Are you considering taking your first steps in the global market, in an attempt to reach international audiences with your products or services? With the use of social media and the Internet, the world has become a much smaller place. Our society is globally connected and many people around the world can now access your products or services. But going global is no easy task! It requires time, effort and money. Read our 10 tips below and make sure you’re on the right track.

  1. Analyze the situation. Before deciding to go global with your business ask yourself the following 2 questions: Is there enough of your target market in a given area to support business? Does your product have global appeal? If the answer to both questions is yes, then you can continue to Tip No2.
  1. Do your homework. Research the marketplace you want to enter. Who are the key players? What is the competition like? What are the trends and preferences of the country in question? Performing an in-depth market research will help you determine your target audience and define your sales approach to better promote your brand.
  1. Localize your brand.
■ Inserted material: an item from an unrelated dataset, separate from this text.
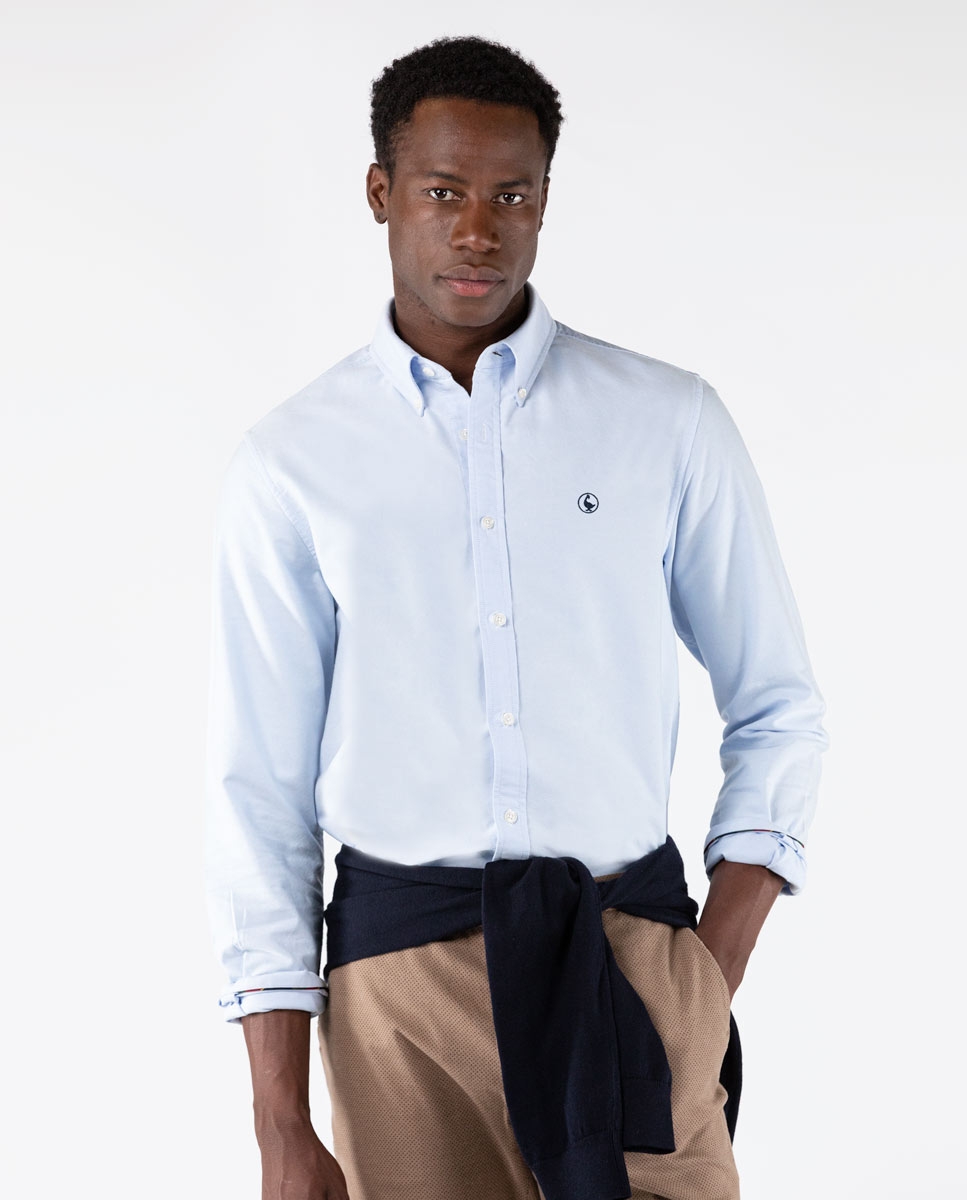 Plain Light Blue Oxford Shirt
According to a survey conducted by Common Sense Advisory, named “Can’t Read, Won’t Buy: Why Language Matters on Global Websites”, 72.4% of consumers say they would be more likely to buy a product with information in their own language and 2% of consumers say that the ability to obtain information in their own language is more important than price. Imagine that! Data shows that localizing content for specific markets multiplies the desired selling effect substantially and people are even willing to pay more if they receive information in their own language. Are you convinced already?
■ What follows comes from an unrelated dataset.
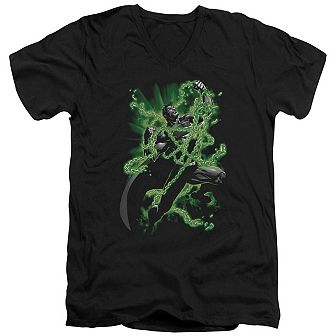Superman Kryptonite Chains Short Sleeve Adult V Neck T-shirt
  1. Use a professional translation agency from the early start. Whether you need an interpreter for your first corporate meeting or a complete localization of your website and marketing collateral, make sure to use professionals to achieve the desired effect. When you are dealing with business terminology, you’ll easily find out that “Google Translate” most probably won’t cover your needs. In fact, it can end up embarrassing your business and having the exact adverse effects from the ones you were hoping for. Also, by translating your content with Google Translate, you are uploading it to the Internet, so bye bye confidentiality! On the other hand, a language services provider will use native, certified translators whose expertise matches your type of content, experienced project managers and industry-leading localization tools ensuring consistency, confidentiality and reduced costs.
  1. Make communications easy. If you’re aiming at global expansion, you’ll need to be in constant communication with distributors, sales reps and clients. Phone and e-mail communication can be impersonal, so start using alternatives like online-video conferencing.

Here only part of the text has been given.